The International Olympic Committee (IOC) has approved three different styles of rock climbing including sport climbing, bouldering and speed climbing. The IOC approved climbing as an Olympic sport after the International Federation of Sport Climbing's (IFSC) second request to be added to the list of Olympic games in 2020, since their first request in 2013.
"The Olympics have been our dream for quite some time and, now, the hard work has finally paid off", said IFSC President Marco Solaris in an interview with Kevin Corrigan at Climbing.com.
The bundle of new sports added to the Olympic games include climbing, skateboarding, surfing, & karate and are scheduled to have baseball/softball to return, since the last time they appeared in the 2008 Beijing games.
The IOC states they are hoping to reach a younger audience by adding sports they feel jive better with millennials. “We want to take sport to the youth," says IOC President Thomas Bach, according to Corrigan.
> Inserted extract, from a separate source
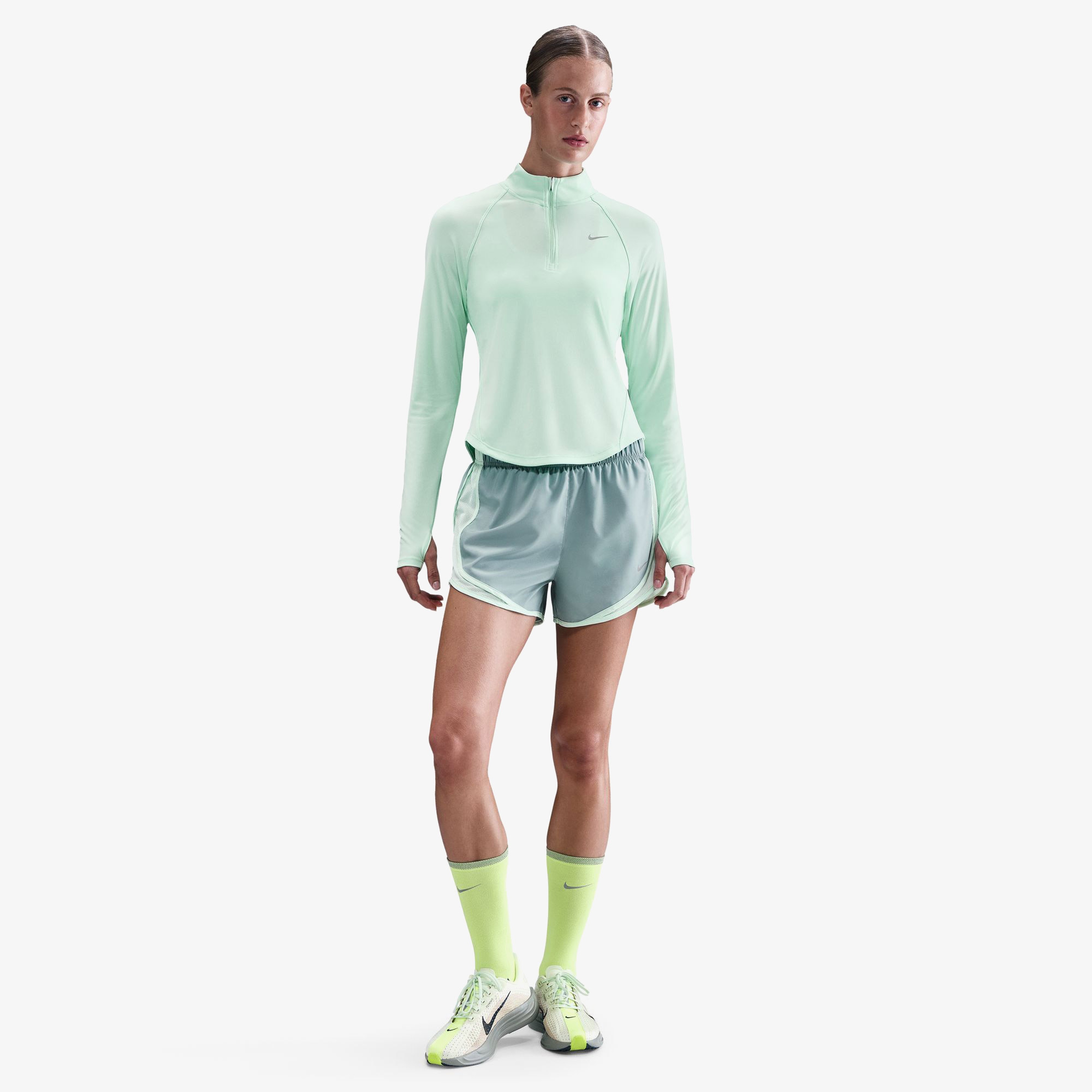 Nike Tempo Swoosh Run Kadın Yeşil Koşu Sweatshirt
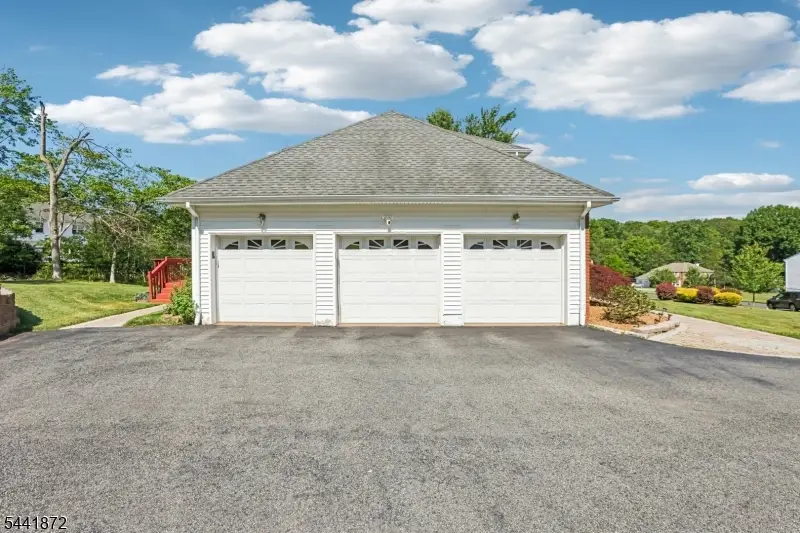 4 Viking Ct, Randolph, NJ 07869 - #3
Olympic climbing will be broken down into 3 sections:
The first, sport climbing, is ascending a climb with a fixed anchor, usually at the top of the climb. In sport climbing, climbers are harnessed in using ropes and ascend to higher altitudes than most other styles
The second, bouldering, is done with minimal gear, except climbing shoes and chalk, and usually does not ascend more than 25 ft. No harnesses or ropes are used in bouldering.
Lastly, speed climbing, ascending a climb as fast as possible is the goal. Speed climbing can be done without ropes. Traditionally outdoor climbing is done without ropes but in competitions, ropes are usually required as safety precautions.
Many professional outdoor climbers dislike the idea of the sport being generalized as 3 different styles of climbing, as they feel it mixes different characteristics that don’t have much to do with each other. There are very few athletes that focus on all three aspects, so professional climbers, such as sport climber Joe Kinder, do not agree with the IOC.
“It feels like some cigar smoking goomba made up the format behind a desk somewhere in a high-rise building… It's comical and unfortunate,” says Kinder in an article by Sasha Digiulian, who also agrees.
Climbers like Joe Kinder and Sasha Digiulian argue that climbing as an Olympic sport will dilute what climbing has grown to be and it could start to bring great outdoor climbers who live by the rocks to be drawn to gyms, in hopes to compete for a gold medal rather than the sheer enjoyment of the sport.
Presidents of the IOC and IFSC feel the addition of climbing to the games is a great milestone for climbing culture and feel it will bring attention to a sport that has been in the shadows since it started.
It's no doubt that the addition of climbing to the Olympics is stirring both positive and negative emotions with professional climbers and corporations. However, it is certain that climbing is gaining popularity rapidly amongst young crowds all across the world and the sport is gaining international recognition.